Again, drugs and alcohol can cause the onset of long term physical health problems where previously there were none. Substance misuse will only ever make physical health problems worse not better. Whilst the majority of physical health conditions improve with drug and alcohol abstinence, this is not the case for everyone.
Addiction Is Never “Cured”
Aside from health problems that can result from drug and alcohol abuse, there is also the disease of addiction. Stopping alcohol, drugs or addictive behaviour doesn’t magically make this go away. This is why addiction is classed as a “chronic, progressive relapsing brain disease” by the National Institutes on Drug Abuse (NIDA).
Addiction is characterised by compulsion, dysfunctional behaviours and repetition. Detox alone rarely works for individuals that suffer from alcohol or drug addiction as the brain remains in the same altered state that has been created through repeated exposure to a chemical or stimulus.
Whilst drug and alcohol addiction can never be cured, it can be managed. For most individuals in recovery, this means practising principles and methods that have been proven to assist ongoing recovery from drugs and alcohol.

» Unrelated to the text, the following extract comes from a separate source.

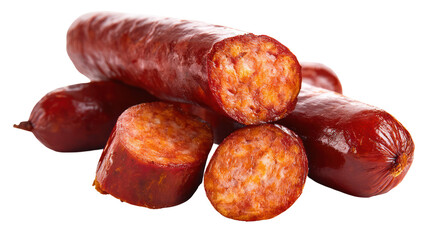 Several pieces of sliced chorizo sausage isolated on transparent background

40-60% Of Individuals In Recovery from Drugs and Alcohol Relapse
According to statistics from The National Institutes on Drug Abuse, 40-60% of individuals with a substance misuse disorder relapse.

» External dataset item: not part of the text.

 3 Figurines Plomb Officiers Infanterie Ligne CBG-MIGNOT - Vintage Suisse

Whilst many who relapse are able to find recovery again, for some it can sadly prove fatal.
Those who have suffered from a chronic drug abuse or alcohol problem, have a dual diagnosis illness(s), or continuing chronic health problems whilst in recovery are at higher risk of relapse as daily living proves to be more of a challenge.
For this reason, it is vital that any continuing or new mental health problems are treated promptly by professional. The same applies to physical health conditions, as constant pain, limited mobility and stress also take its toll on the mind and spirit.
The Importance of Balance in Recovery From Alcohol and Drug Abuse
When initially treating drug abuse and alcohol addiction, private rehabs use a three-pronged approach to heal the mind, body and soul. It has long been recognised that neglecting any one of these parts of the whole person counteracts the wellbeing and balance of the two. The same must be applied for continued recovery.
To labour this point, if you are in physical pain your mind and mood will be affected also. If you are mentally suffering, your spirit will be disconnected from the now and your physical health will deteriorate. Balance of the mind, body and soul is important for any individual but for those in recovery from drugs and alcohol, it is vital!
Mental, physical and spiritual pain can all drive a recovering addict or alcoholic back into using and drinking – If not treated promptly and appropriately.
For those that have severe chronic conditions daily management is a must. Depending on the ailment or illness, for some, this means medication, for others a holistic approach or usually a combination of both.
Recovery from addiction is entirely possible even when suffering from a secondary illness. Recognising a need for ongoing help, support and treatment, and acceptance of this goes a long way in keeping an individual safe from relapse.
If you are in recovery and suffering mentally or physically please seek help from the appropriate professional sources. It’s okay not to be okay in recovery; many individuals with years of continuous sobriety still require daily medication, support and treatment.
Please do not try to get through whatever you are experiencing on your own, this often proves to be a regrettable mistake. There is no shame in admitting you need help in recovery and this admission often proves to be a valuable turning point to a better quality of life and a more peaceful mind.